GPU optimization is uniquely hard for existing AI systems because it breaks the three conditions where current AI excels: there is very little training data to learn from, it’s extremely difficult to verify whether a solution is correct, and getting to a good answer requires a long chain of interdependent decisions. Most AI systems today need all three to be easy. WarpSpeed is built to handle all three being hard.
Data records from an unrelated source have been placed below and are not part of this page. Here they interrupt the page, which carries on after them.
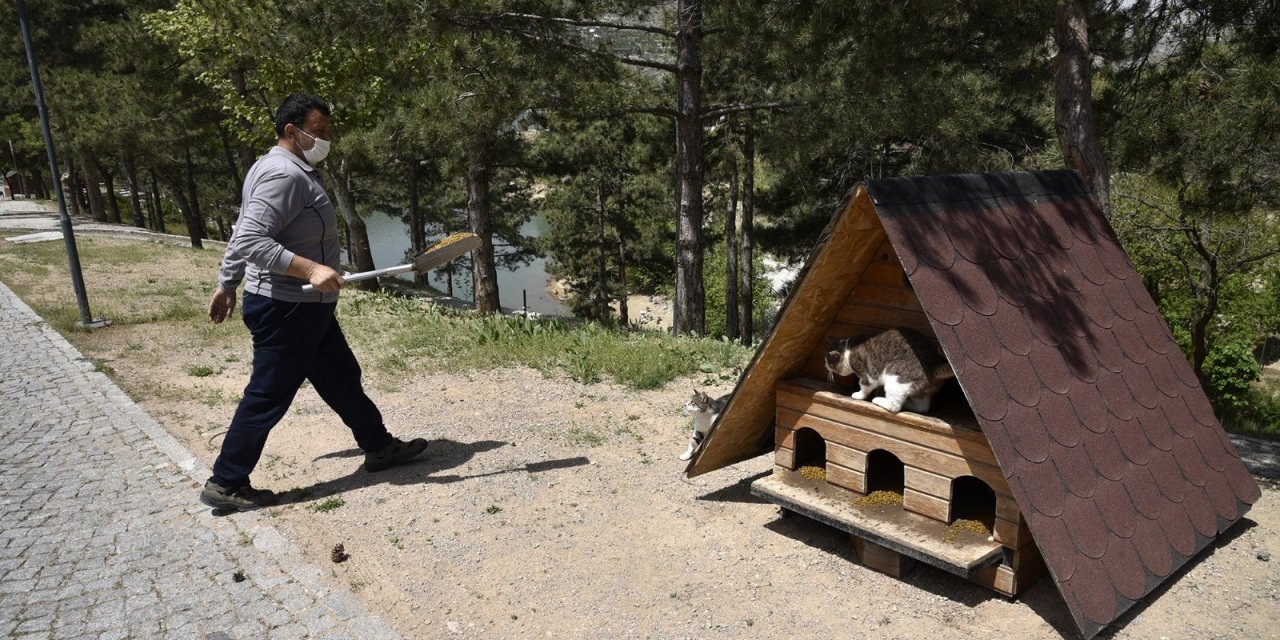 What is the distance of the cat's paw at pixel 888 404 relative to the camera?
13.4 feet

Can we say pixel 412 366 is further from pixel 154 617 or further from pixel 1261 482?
pixel 1261 482

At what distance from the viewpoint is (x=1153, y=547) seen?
13.0 ft

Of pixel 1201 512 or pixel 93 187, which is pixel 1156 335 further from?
pixel 93 187

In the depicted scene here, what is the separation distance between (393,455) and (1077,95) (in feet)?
20.8

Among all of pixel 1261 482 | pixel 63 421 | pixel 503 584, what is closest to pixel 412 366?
pixel 63 421

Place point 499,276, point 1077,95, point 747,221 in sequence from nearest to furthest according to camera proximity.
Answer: point 1077,95, point 747,221, point 499,276

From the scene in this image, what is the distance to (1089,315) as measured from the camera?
4414mm

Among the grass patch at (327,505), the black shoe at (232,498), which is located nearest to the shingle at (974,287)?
the grass patch at (327,505)

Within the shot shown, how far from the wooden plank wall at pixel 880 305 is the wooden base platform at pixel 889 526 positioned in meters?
0.66

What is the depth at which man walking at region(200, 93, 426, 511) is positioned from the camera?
458cm

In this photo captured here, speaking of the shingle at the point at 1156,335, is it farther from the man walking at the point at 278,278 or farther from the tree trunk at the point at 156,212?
the tree trunk at the point at 156,212

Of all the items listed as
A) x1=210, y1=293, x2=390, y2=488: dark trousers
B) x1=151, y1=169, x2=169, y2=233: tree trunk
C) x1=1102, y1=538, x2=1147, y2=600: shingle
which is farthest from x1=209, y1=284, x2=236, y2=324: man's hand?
x1=151, y1=169, x2=169, y2=233: tree trunk

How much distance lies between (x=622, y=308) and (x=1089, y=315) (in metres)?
27.3

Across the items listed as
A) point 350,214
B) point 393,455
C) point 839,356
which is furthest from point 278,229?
point 350,214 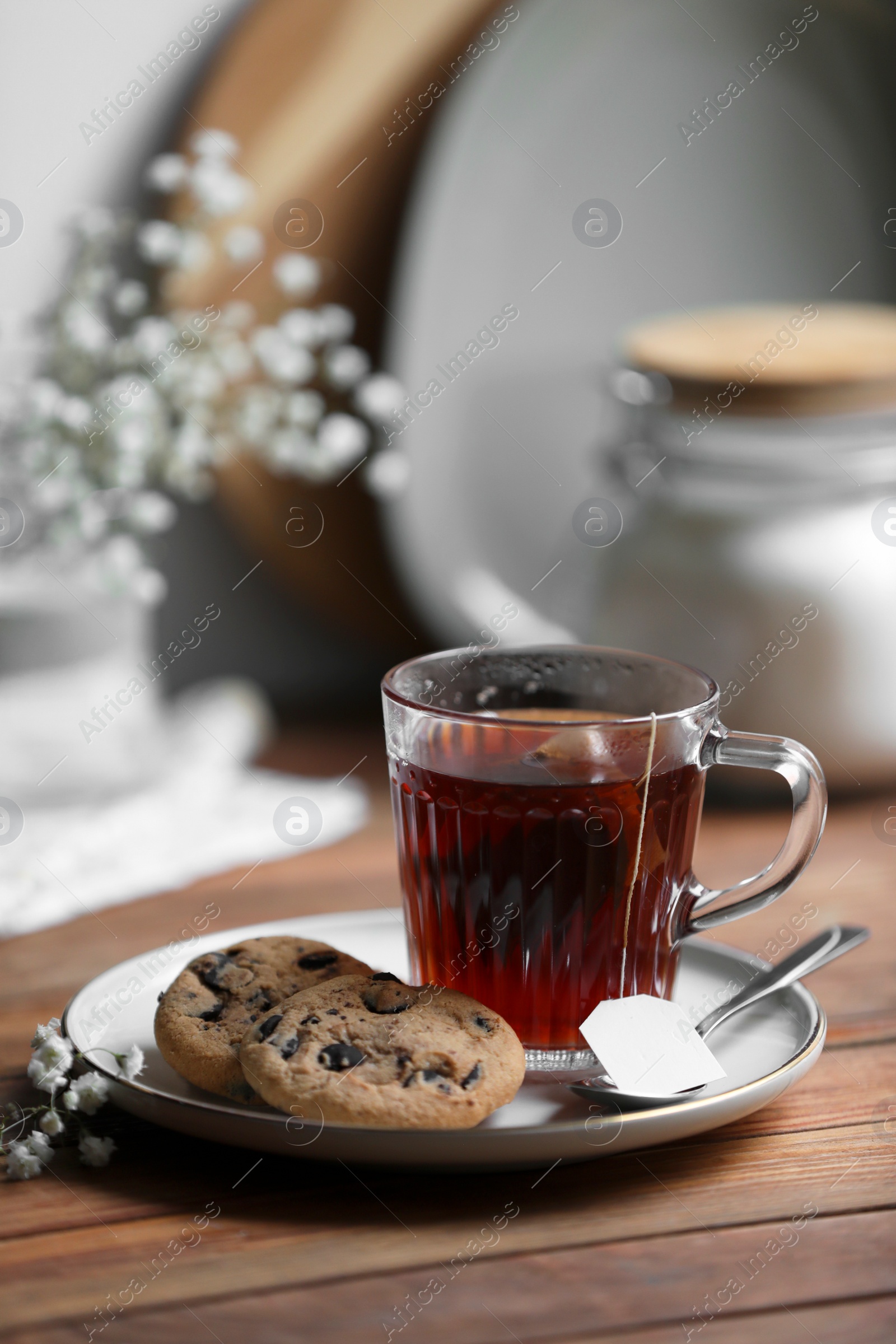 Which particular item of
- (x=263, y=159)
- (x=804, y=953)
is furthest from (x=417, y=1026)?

How It Works (In Plain Terms)

doubleAI developed three core innovations:

‍Smarter search: Instead of trying random improvements and hoping for the best, WarpSpeed systematically explores the space of possible solutions — including the ability to “time travel” back to earlier attempts while retaining lessons from what didn’t work.‍
Self-checking: WarpSpeed builds its own testing tools tailored to each specific problem, so it can verify that its solutions are correct — even when there’s no answer key to compare against.‍
Deep specialization: Rather than writing one generic solution, WarpSpeed generates a custom-tailored version for every possible configuration of hardware and workload — 576 specialized implementations in total. No human team could afford to do this.

Why This Changes Everything

This is not just a technical achievement — it signals a structural shift in the economics of software. Until now, optimizing software for hardware was the exclusive realm of a small number of top human expert engineers. Now that AI has entered the arena, we are heading toward a fundamentally new cost structure for running software.

Think of it like the compression revolution of the 1980s and 90s. Information transmission channels were once a massive bottleneck. When compression was commoditized, the amount of data that could travel over the same lines jumped by 100x — and today’s entire digital reality was shaped by that leap. Hardware is the major bottleneck today. An AI that can squeeze 3.6x to 100x more performance out of the same chips means dramatically more software can run on the same hardware. Software running costs are set to plummet because AI will be optimizing them continuously. And the global bid for more hardware, the source of much geo-political turmoil, is about to reset at new balance points.

The Bigger Picture

WarpSpeed is doubleAI’s first demonstration of what the company calls Artificial Expert Intelligence (AEI) — AI that doesn’t just assist human experts but matches and surpasses them in their own domains.

The world’s hardest problems — in drug discovery, chip design, climate science, cybersecurity — are bottlenecked not by computing power, but by the scarcity of true experts. If AI can be made to reliably perform at expert level, that bottleneck breaks open.

GPU optimization is the proving ground. If AEI works here — where the data is scarce, verification is hard, and the human bar is elite — it can work anywhere expertise is the limiting factor.